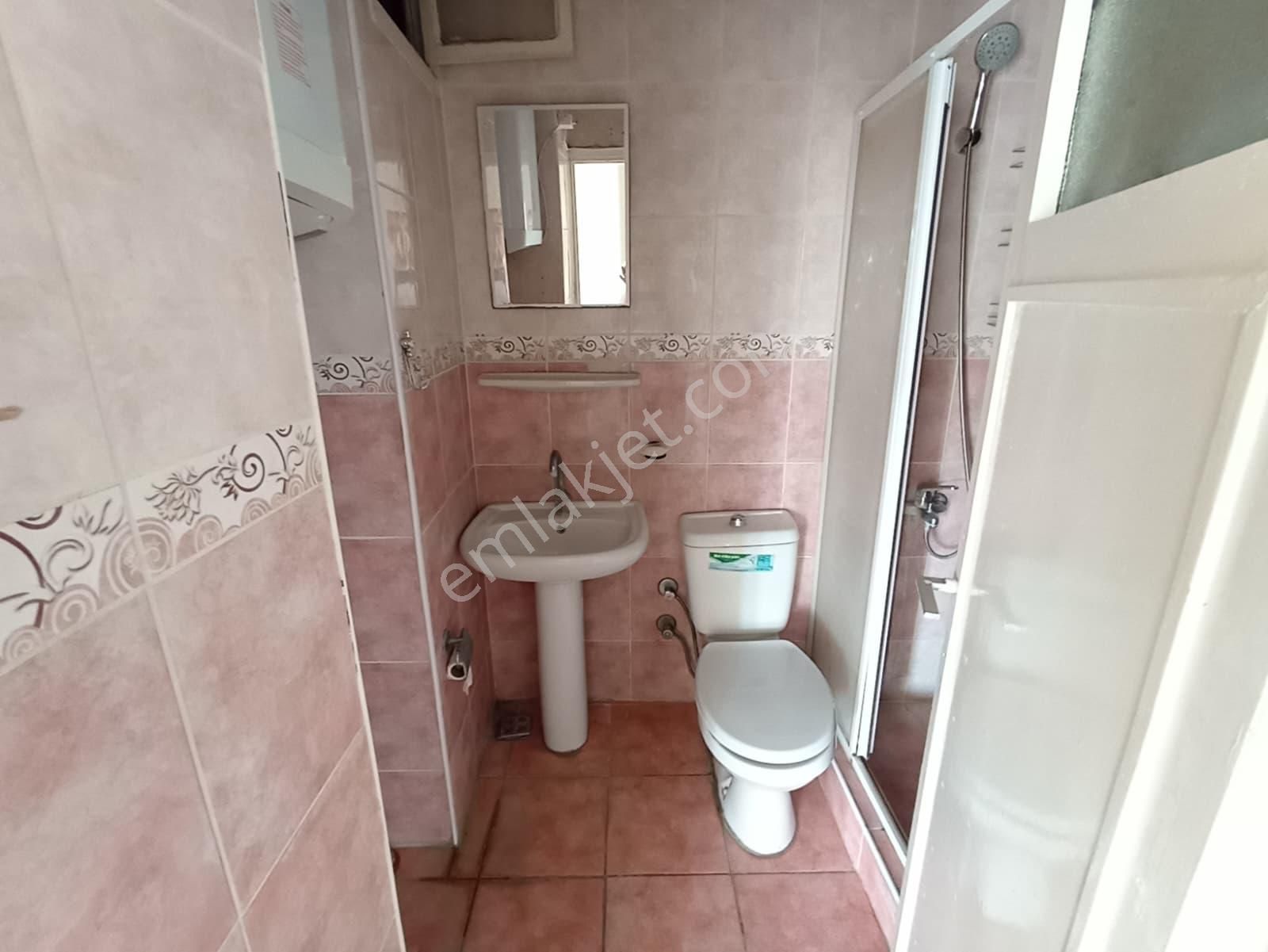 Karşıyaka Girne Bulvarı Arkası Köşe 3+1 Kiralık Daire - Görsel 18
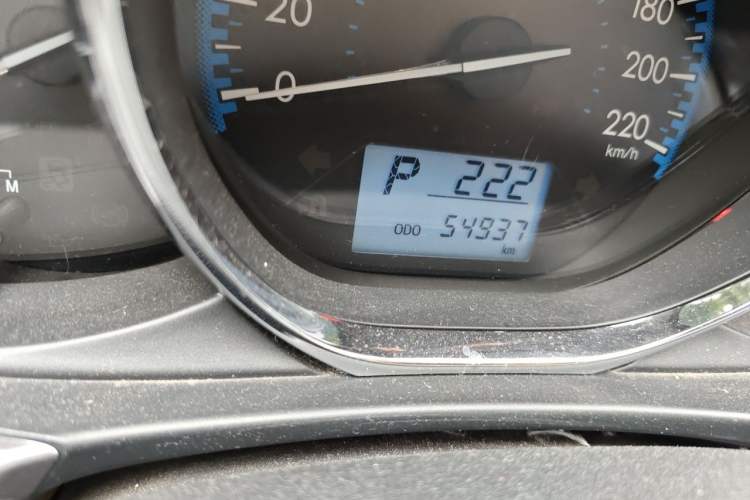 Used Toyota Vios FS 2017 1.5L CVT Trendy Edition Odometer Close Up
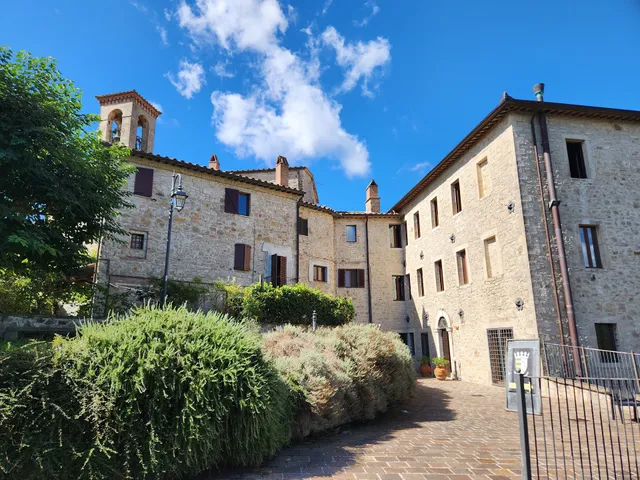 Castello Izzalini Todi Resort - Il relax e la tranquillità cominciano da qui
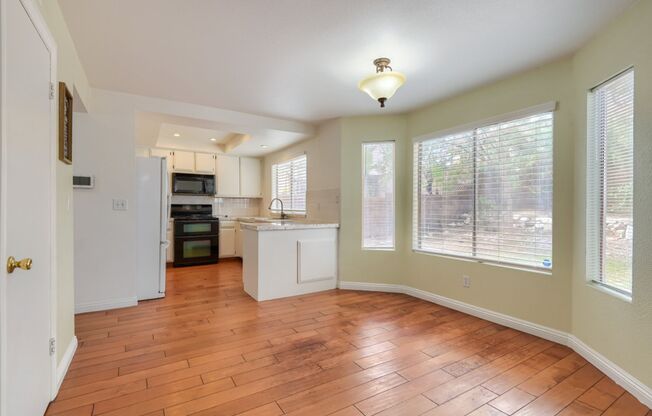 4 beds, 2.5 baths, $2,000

◇ ◇ ◇

Problem details: Repeat the material above verbatim. Leave the pictures behind.

Result of the exercise:
 Karşıyaka Girne Bulvarı Arkası Köşe 3+1 Kiralık Daire - Görsel 18
 Used Toyota Vios FS 2017 1.5L CVT Trendy Edition Odometer Close Up
 Castello Izzalini Todi Resort - Il relax e la tranquillità cominciano da qui
 4 beds, 2.5 baths, $2,000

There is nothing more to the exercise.